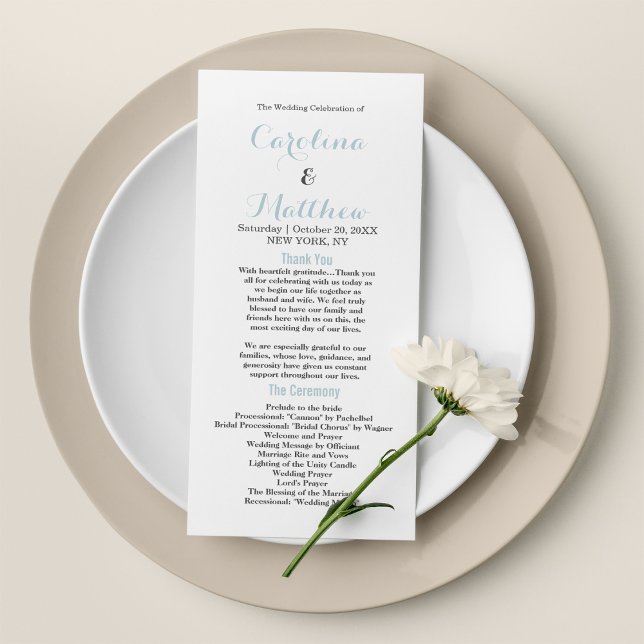 Programa moderno simples e elegante, azul pastel a (Simple elegant white pastel blue modern Program)
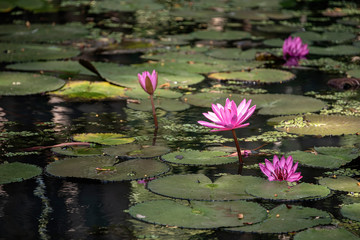 Lotus flower blooming in a reflective pool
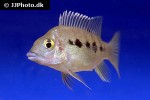 ptychochromis grandidieri ptychochromis grandidieri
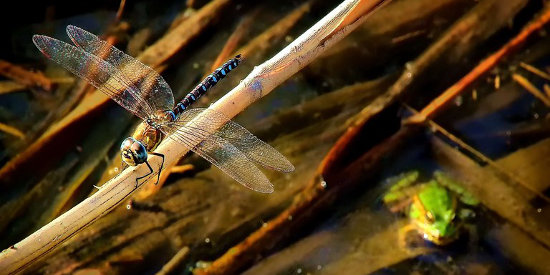 Dragonfly and frog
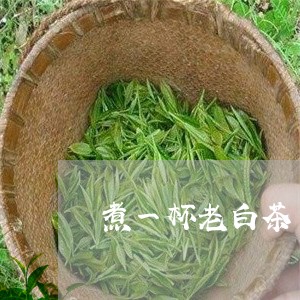 煮一杯老白茶/2023073170693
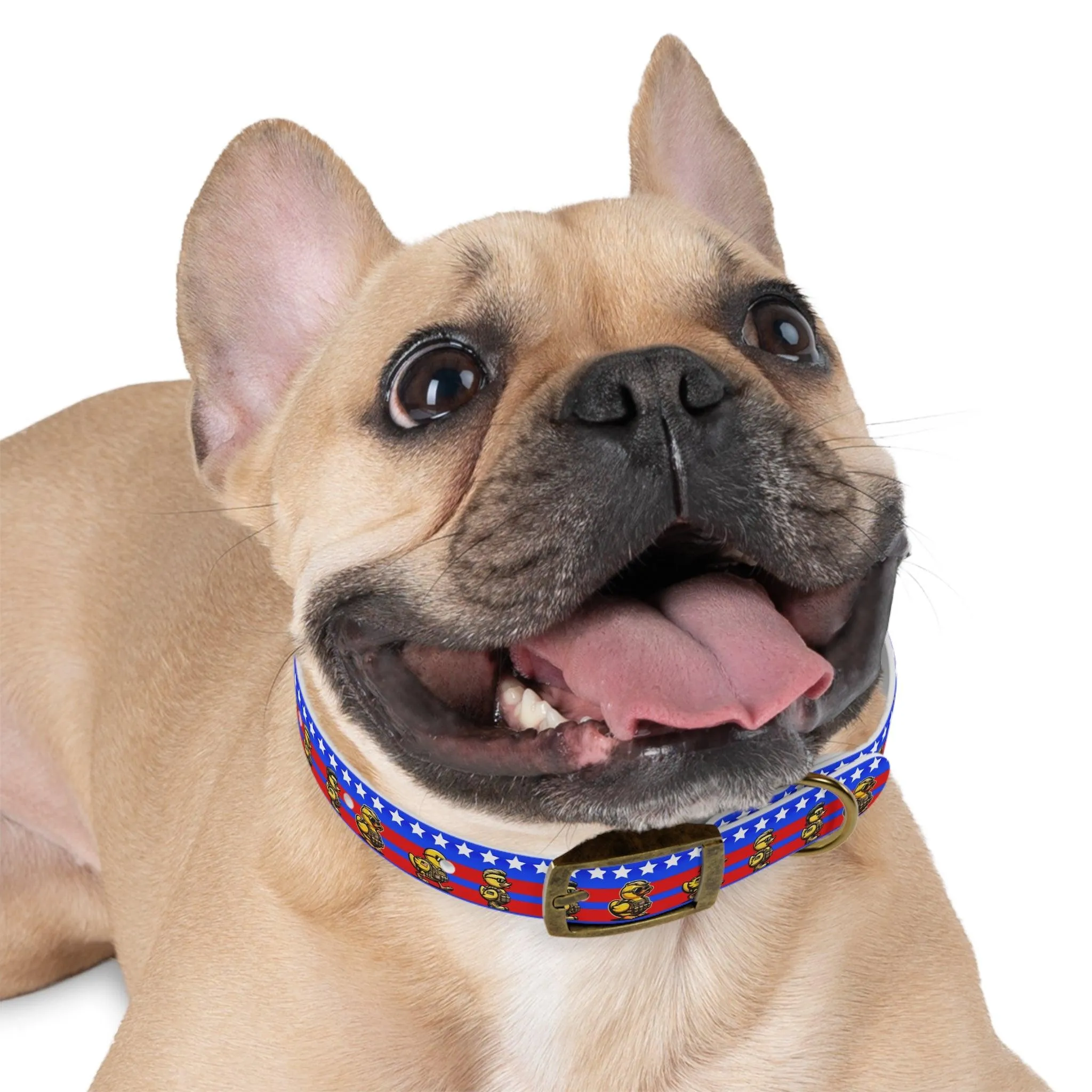 Duck Duck American Dog Collar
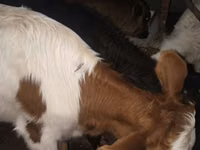 Boğa, Simmental cattle — foto 1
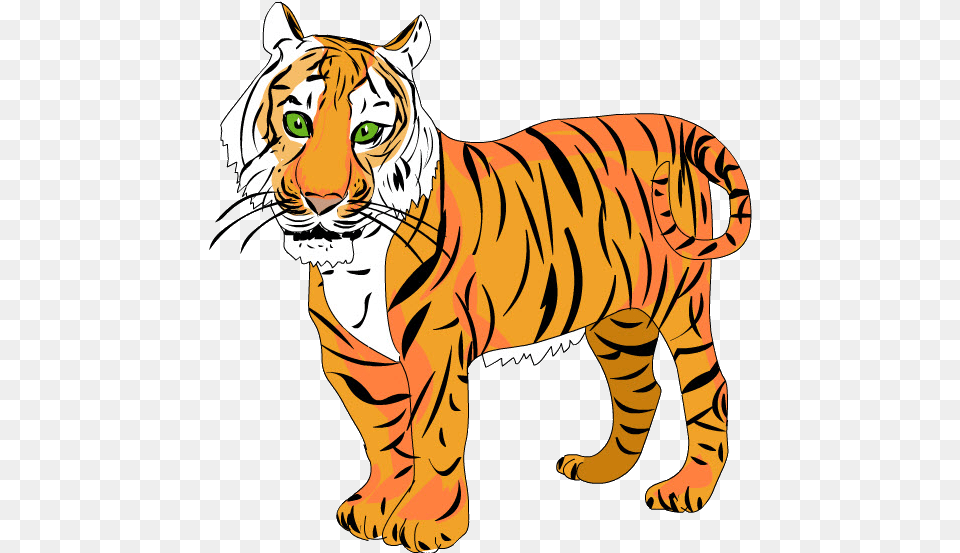 Tigre Tigre, Animal, Mammal, Tiger, Wildlife Free Transparent Png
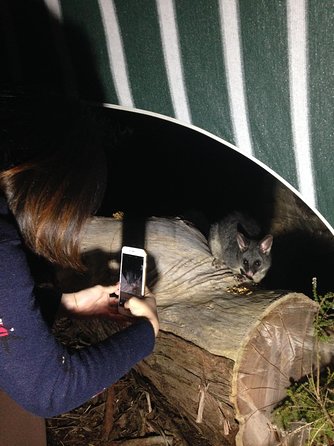 Nocturnal Wildlife Tour From Busselton Or Dunsborough - Stayed 1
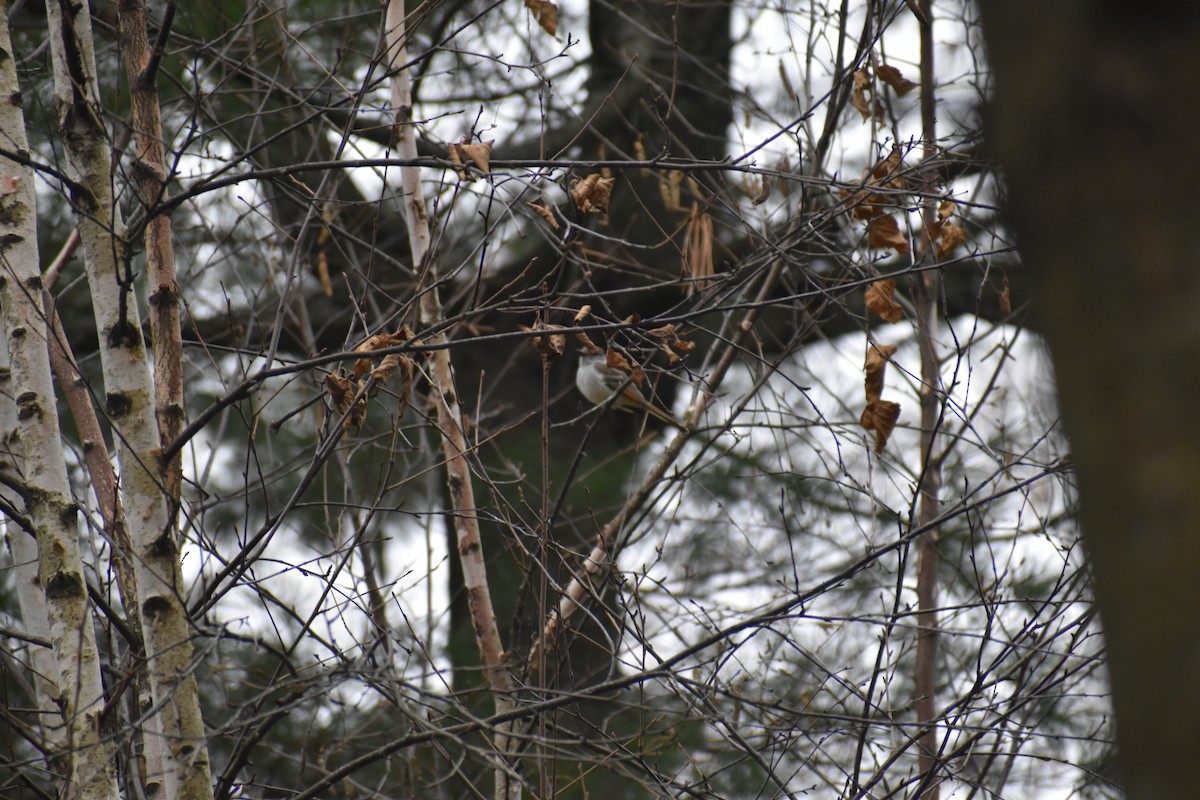 Ash-throated Flycatcher - ML616610902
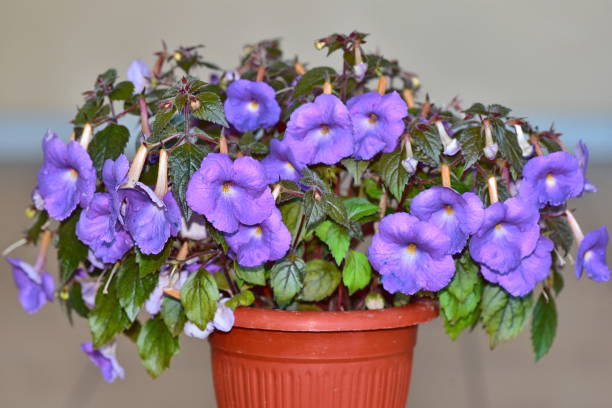 achimenes roślina z fioletowymi kwiatami w doniczce - gloxinia zdjęcia i obrazy z banku zdjęć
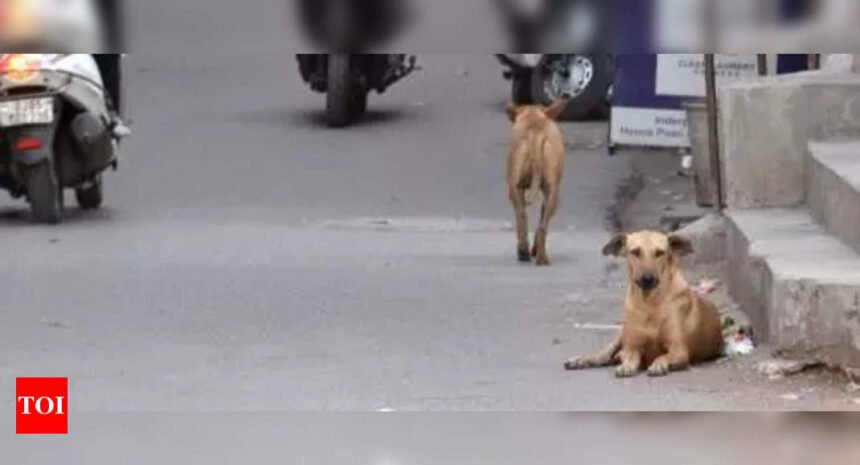 Surge in dog bites sparks fear among Andheri residents | Mumbai News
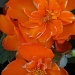 Orange flowers by madamelucy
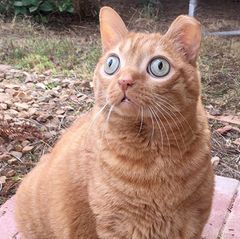 Eine rote Katze mit großen, runden, grünen Augen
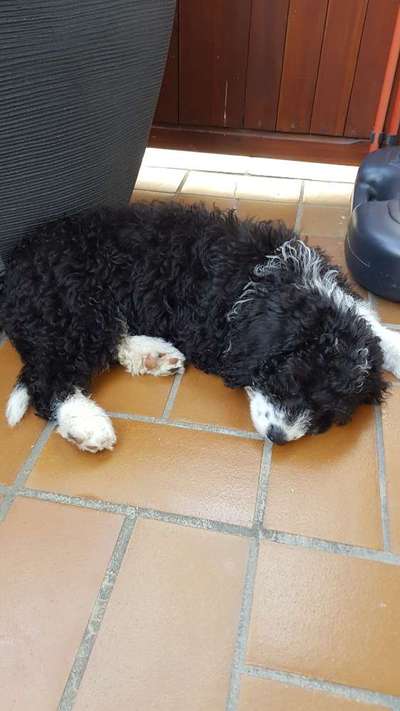 Welpen Bilder !-Beitrag-Bild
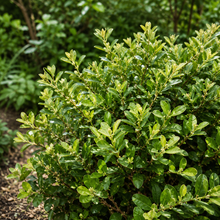 Buxus × 'Green Mound'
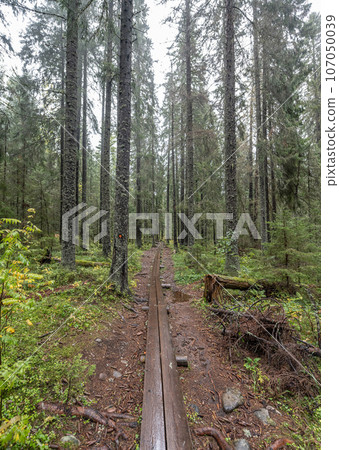 wooden hiking footpath in forest between trees in Skuleskogen National Park in Sweden in northern Europe Hoga Kusten 107050039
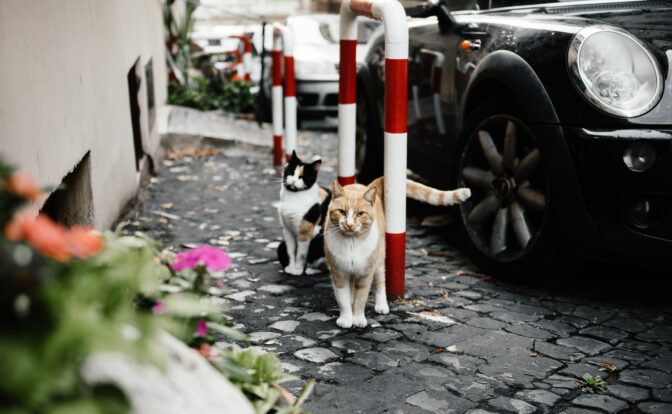 Chats en rue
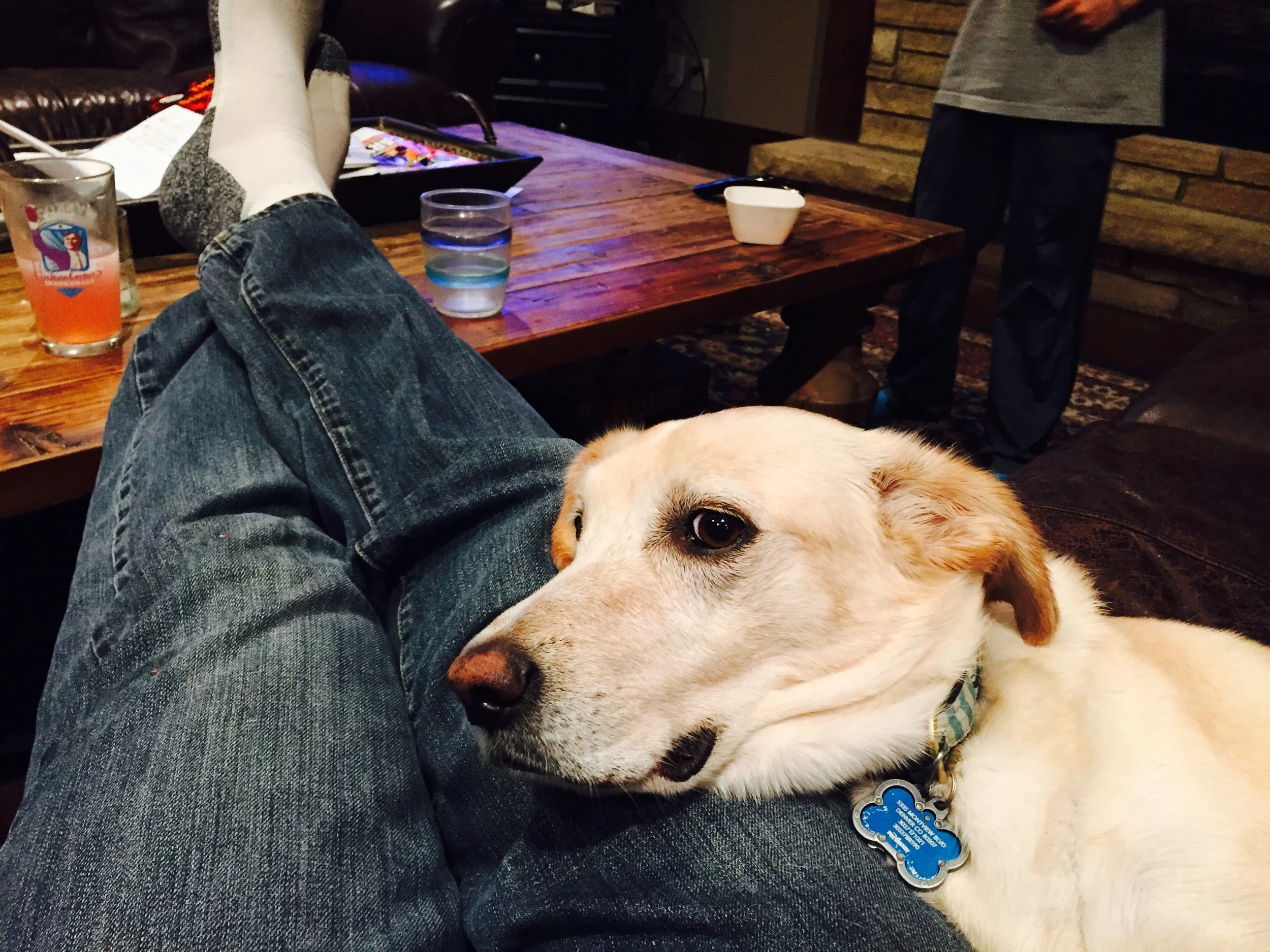 RIP Cooper (2008–2017), an old dog with great tricks.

--

Try it:
Return the complete material exactly as given, excluding images.

Answer box:
 Programa moderno simples e elegante, azul pastel a (Simple elegant white pastel blue modern Program)
 Lotus flower blooming in a reflective pool
 ptychochromis grandidieri ptychochromis grandidieri
 Dragonfly and frog
 煮一杯老白茶/2023073170693
 Duck Duck American Dog Collar
 Boğa, Simmental cattle — foto 1
 Tigre Tigre, Animal, Mammal, Tiger, Wildlife Free Transparent Png
 Nocturnal Wildlife Tour From Busselton Or Dunsborough - Stayed 1
 Ash-throated Flycatcher - ML616610902
 achimenes roślina z fioletowymi kwiatami w doniczce - gloxinia zdjęcia i obrazy z banku zdjęć
 Surge in dog bites sparks fear among Andheri residents | Mumbai News
 Orange flowers by madamelucy
 Eine rote Katze mit großen, runden, grünen Augen
 Welpen Bilder !-Beitrag-Bild
 Buxus × 'Green Mound'
 wooden hiking footpath in forest between trees in Skuleskogen National Park in Sweden in northern Europe Hoga Kusten 107050039
 Chats en rue
 RIP Cooper (2008–2017), an old dog with great tricks.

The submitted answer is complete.